Task item
For this exercise, please transcribe exactly and only the lines from the one containing "Replay Zeumar Chino" through the end of the material, both ends included, without pictures.

Supplied data

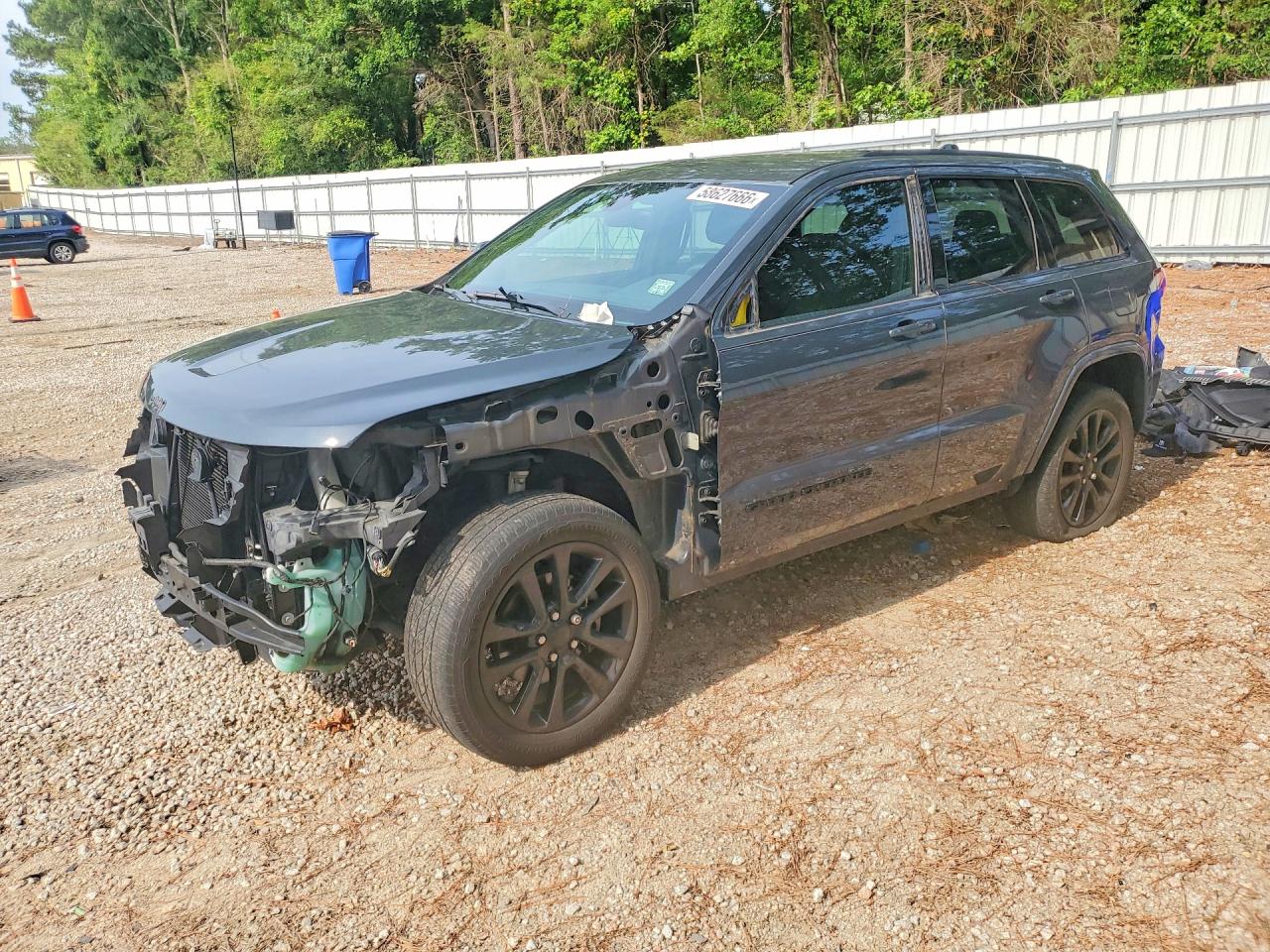 2017 JEEP GRAND CHEROKEE LAREDO 4X4
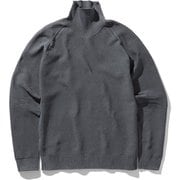 グローブフィットハイネック Globefit Highneck NT61961 （ZC)ミックスチャコール Lサイズ [アウトドア セーター ユニセックス]
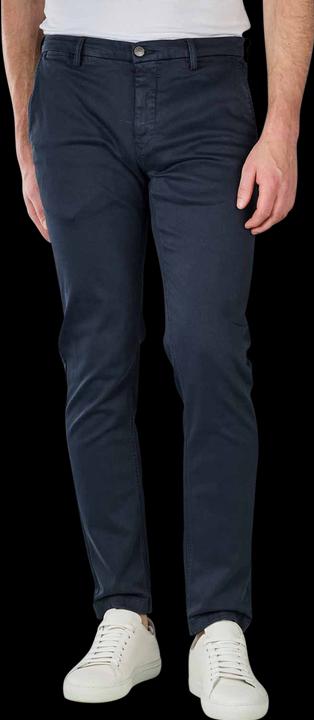 Replay Zeumar Chino Pant Hyperflex Slim Fit Navy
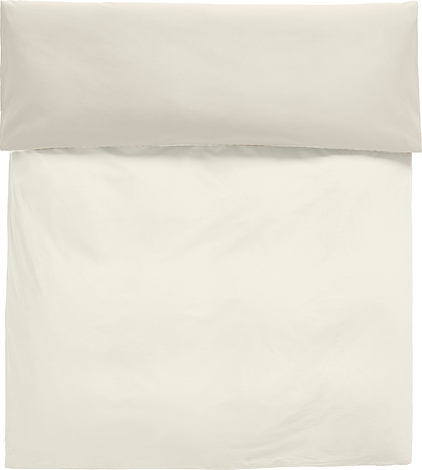 Poszewka na kołdrę Duo 220 x 220 cm kość słoniowa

Answer space
 Replay Zeumar Chino Pant Hyperflex Slim Fit Navy
 Poszewka na kołdrę Duo 220 x 220 cm kość słoniowa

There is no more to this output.